Putin está confabulado con el líder de Turquía, Recep Tayyip Erdoğan, y su campaña contra los kurdos prooccidentales en el noreste de Siria. Más recientemente, ha introducido mercenarios rusos en la guerra de Libia, apoyando a los rebeldes contra el gobierno reconocido por la ONU en Trípoli.
La nefasta influencia de Rusia bajo el mandato de Putin se extiende más allá, al tráfico de influencias encubierto en los Balcanes y en Europa del Este, a los intentos de dividir la UE, a los ataques cibernéticos contra las repúblicas bálticas y a las campañas de desinformación para subvertir los procesos democráticos en Gran Bretaña y Estados Unidos.
Los vetos rusos han reducido el Consejo de Seguridad de la ONU a la irrelevancia en cuestiones clave.
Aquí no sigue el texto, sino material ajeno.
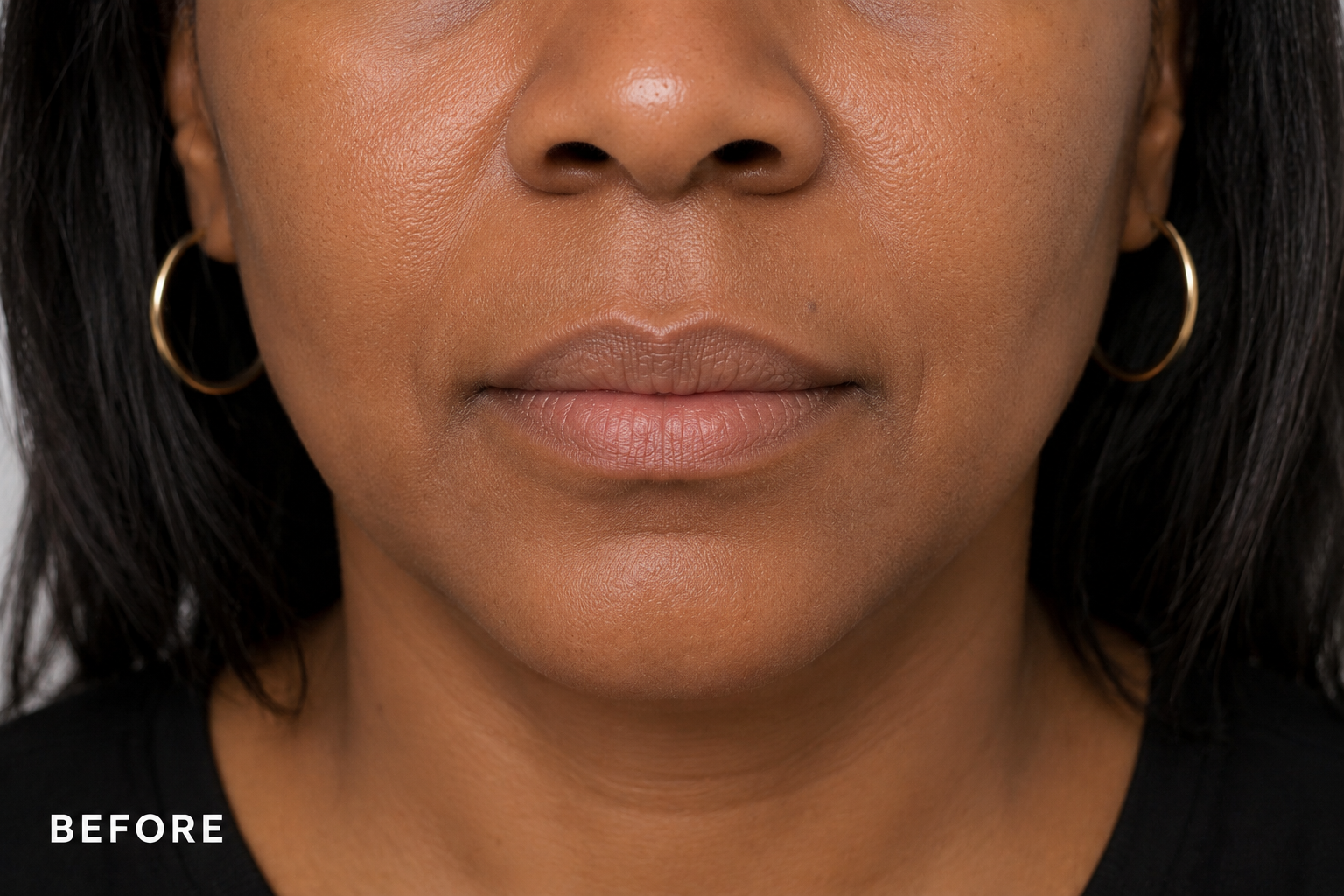 Before Treatment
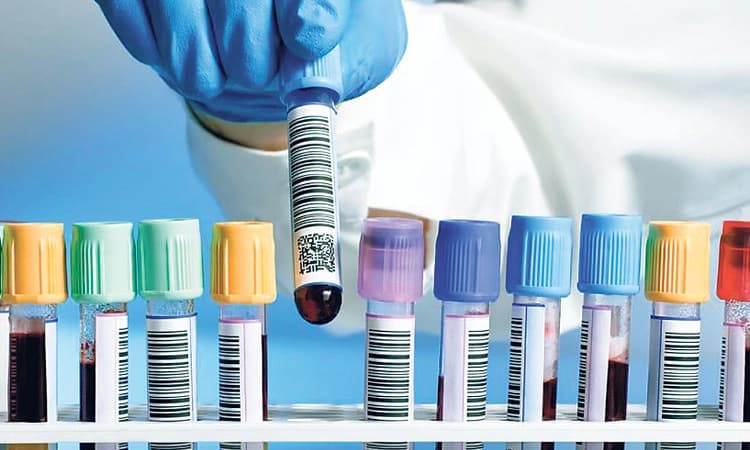 LABತಪ್ಪಲಿದೆ ಜಿಲ್ಲಾಸ್ಪತ್ರೆ ಅಲೆದಾಟ: ರೋಗ ಪರೀಕ್ಷೆಗೆ ತಾಲೂಕು ಆಸ್ಪತ್ರೆಗಳಲ್ಲೂ ಪ್ರಯೋಗಾಲಯ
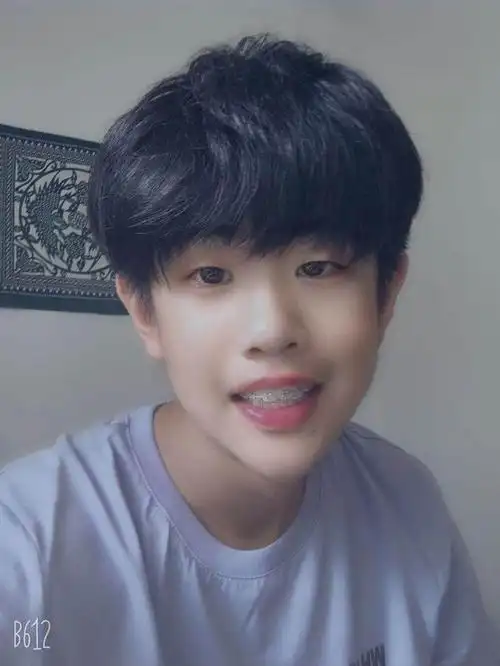 16岁小帅哥牙齿矫正五个月变化分享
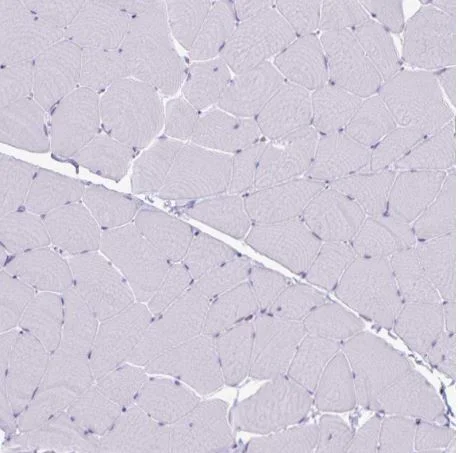 Immunohistochemistry (Formalin/PFA-fixed paraffin-embedded sections) - Anti-GNLY/Granulysin antibody (AB204594)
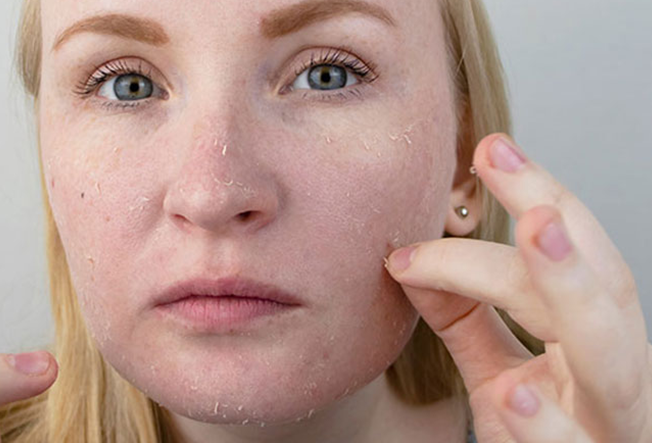 Skin with Dead Cell Buildup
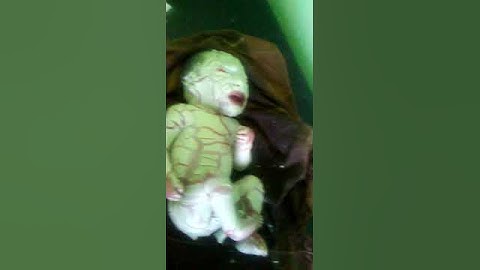 Collodion baby syndrome- congenital ichthyosis, harlequin ichthyosis syndrome, cellophane like membr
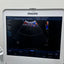 Philips CX50 portable ultrasound with convex and TVS probe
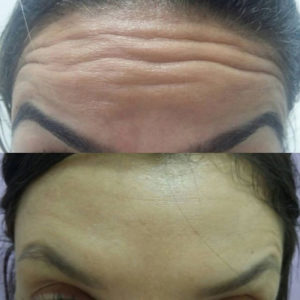 botolife-antes-depois (6a)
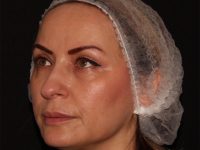 after nonsurgical facelift left angle view female patient case 1893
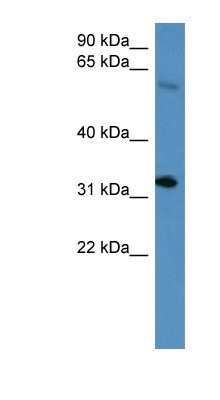 Western Blot: HOXD13 Antibody [NBP1-79989]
Mientras tanto, el veneno de Putin se filtra a través de otras instituciones occidentales, embaucando a Donald Trump, debilitando la alianza de la OTAN y el G7 (del que ha sido desterrado), y socavando la democracia europea con su palabrería sobre el «obsoleto» liberalismo occidental.
Y hablando de veneno, ¿quién duda de que Putin y sus secuaces estuvieron detrás del impune intento de asesinar a Sergei y Yulia Skripal en Salisbury y del asesinato el año pasado de un separatista checheno en Berlín?
Vladimir Putin es un hombre de muchas caras: patriota machista, populista de derechas, cínico manipulador y despiadado señor de la guerra mundial. Todos son contrarios a los intereses del pueblo ruso. Todos son fundamentalmente hostiles a los principios occidentales de libertad y democracia.
La perspectiva de que Putin prolongue y refuerce su reinado nihilista es terrible. El de Putin es el rostro del enemigo. A partir de ahora debe ser reconocido como tal.